Die letzte Kerze im alten Kirchenjahr habe ich erwischt. Das nenne ich Glück. Denn ich habe einem guten Freund zum Geburtstag eine „Jeden-Tag-denke-ich-an-dich-Kerze“ in unserer Kirche geschenkt. Davon weiß er nichts, denn ich habe seinen Geburtstag in der letzten Woche vergessen. Erst einen Tag später fiel es mir ein und da ich unterwegs war, konnte ich ihn nicht persönlich erreichen.

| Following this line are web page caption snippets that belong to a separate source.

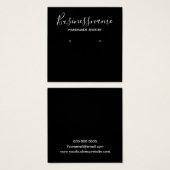 白黒エレガントイヤリング表示カード (正面&裏面)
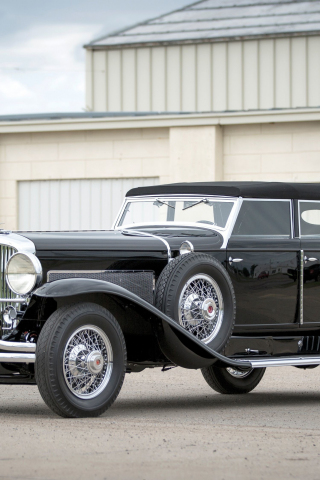Black, 1933 Duesenberg Model SJ, classic car, 240x320 wallpaper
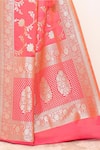 Buy Naaritva India Pink Silk Embroidery Crest Fleur Jaal Woven Banarasi Saree With Running Blouse Online at Aza Fashions Buy_Naaritva India_Pink Silk Embroidery Crest Fleur Jaal Woven Banarasi Saree With Running Blouse _Online_at_Aza_Fashions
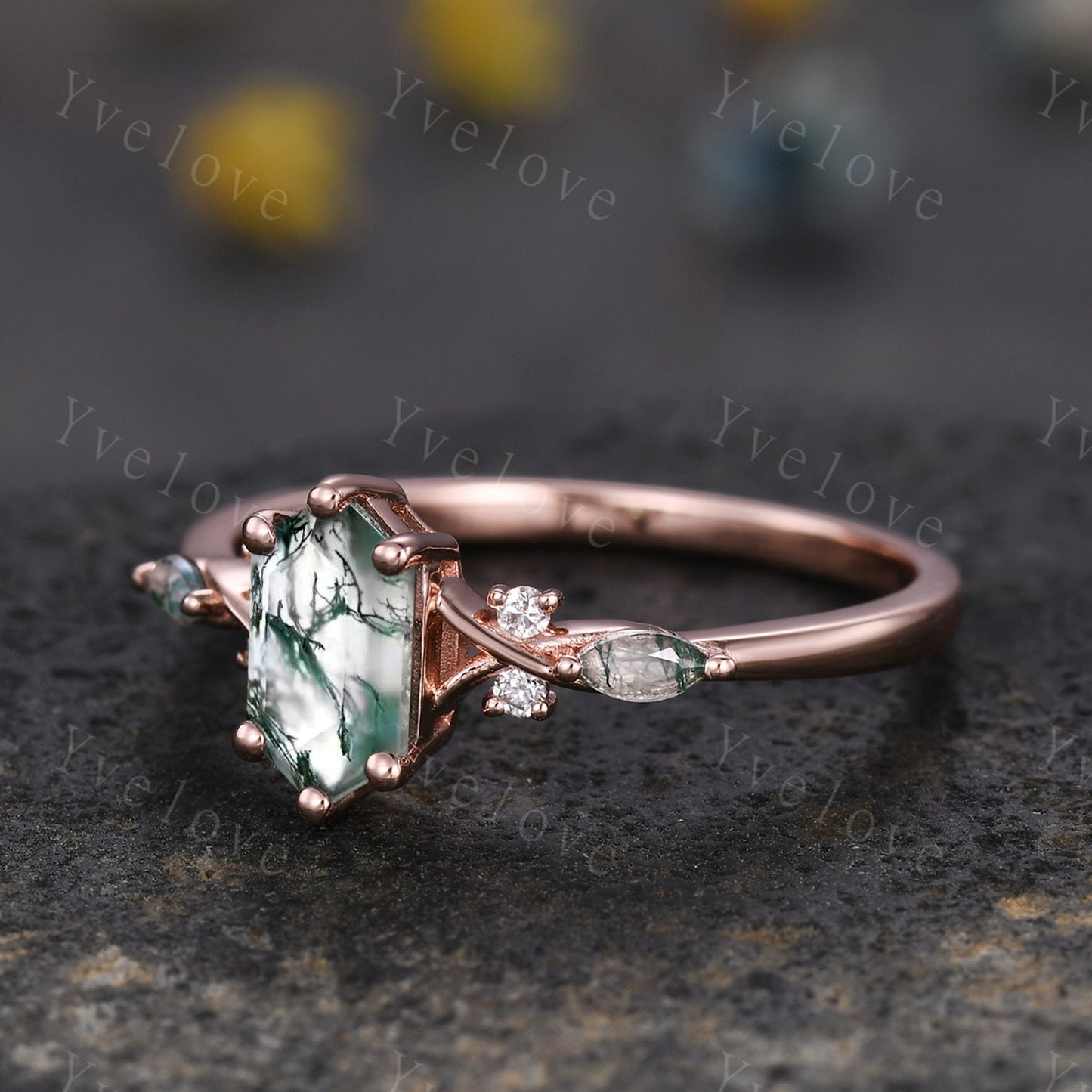 Hexagon Moss Agate Ring,Green Agate Engagement Ring,Marquise Moss Agate,Moissanite Matching Stacking Wedding Band,Art Deco Ring for women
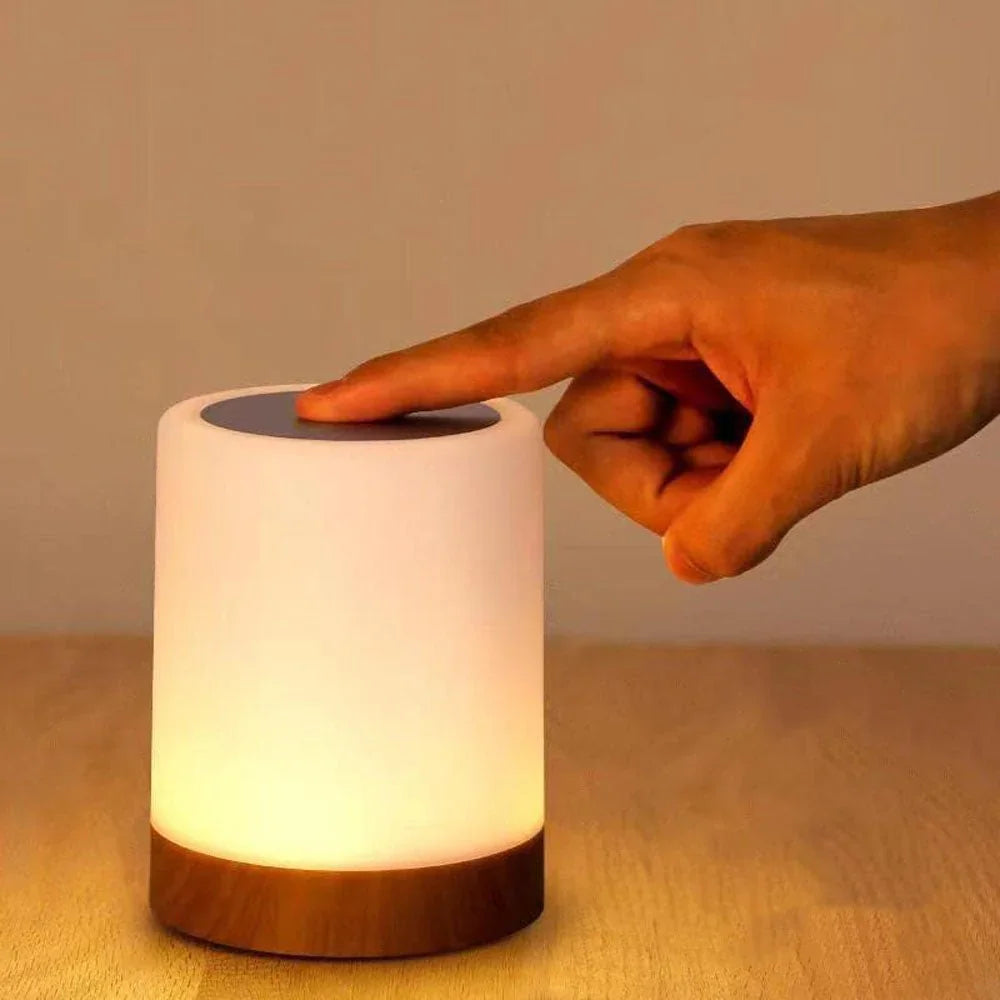 Tischlampe - Holzfuß - Touch-Steuerung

So gehe ich heute wie jeden Tag zu unserer Mutter Gottes, um in der mittleren Kerzenreihe ein Licht für ihn anzuzünden. Der Platz gefällt mir, das Licht scheint behütet von anderen Kerzen. Das passt zu meinem Wunsch. Heute, so kurz vorm ersten Advent, ist dieser Platz in der mittleren Reihe schon besetzt und nur noch eine Kerze steht zum Anzünden bereit. Lange hätte ich nicht mehr warten können.

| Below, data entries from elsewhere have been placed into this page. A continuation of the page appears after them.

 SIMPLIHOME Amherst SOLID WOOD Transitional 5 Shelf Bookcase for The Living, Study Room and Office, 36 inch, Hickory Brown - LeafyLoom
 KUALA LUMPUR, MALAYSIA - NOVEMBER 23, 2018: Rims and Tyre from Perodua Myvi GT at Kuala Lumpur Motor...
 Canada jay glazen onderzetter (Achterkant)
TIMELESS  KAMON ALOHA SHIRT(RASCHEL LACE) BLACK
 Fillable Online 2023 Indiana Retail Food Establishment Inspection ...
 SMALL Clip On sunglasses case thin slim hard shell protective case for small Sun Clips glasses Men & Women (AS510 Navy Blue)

Und dann stehe ich da in unserer Kirche: Dämmerlicht durchflutet den Raum, meine Mitschwester sitzt an der Orgel und übt für den ersten Gottesdienst im neuen Kirchenjahr, Advent! Plötzlich stehe ich mittendrin, zwischen Altem und Neuem, zwischen Dunkel und Licht, zwischen Sattsein und Sehnsucht. Ich sehne mich nach Unterbrechung und eigentlich danach, genau wie die Kerze in der mittleren Reihe behütet zu sein vom Licht.
Der Wunsch für meinen guten Freund hat seinen Weg zu mir gefunden.